[Problem to work on] From the listing below, give again exactly the lines from the line with "Autors: Gatis Bogdanovs" to the line with "애월펜션 화목맨션 이미지", ends included, without any pictures.

[Study material]
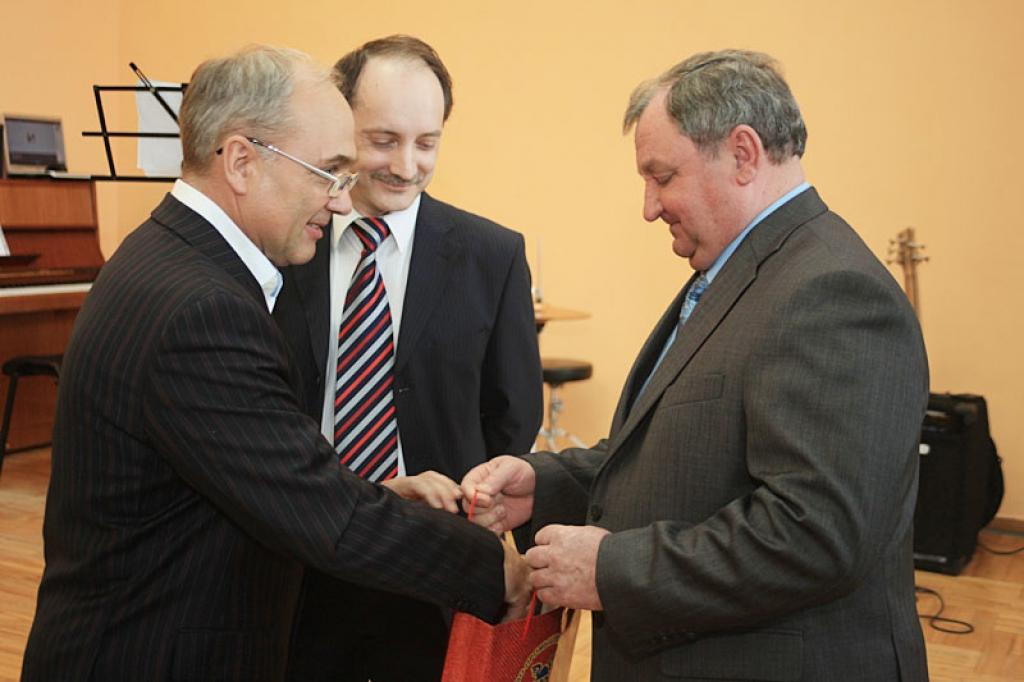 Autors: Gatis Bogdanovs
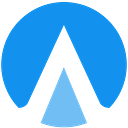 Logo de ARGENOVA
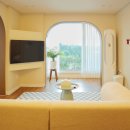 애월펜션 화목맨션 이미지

...

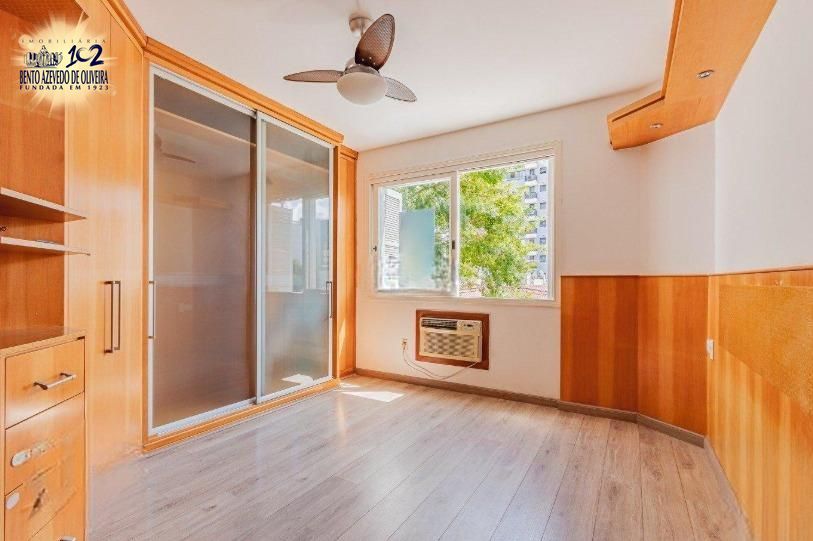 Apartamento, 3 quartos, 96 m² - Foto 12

[Response area]
 Autors: Gatis Bogdanovs
 Logo de ARGENOVA
 애월펜션 화목맨션 이미지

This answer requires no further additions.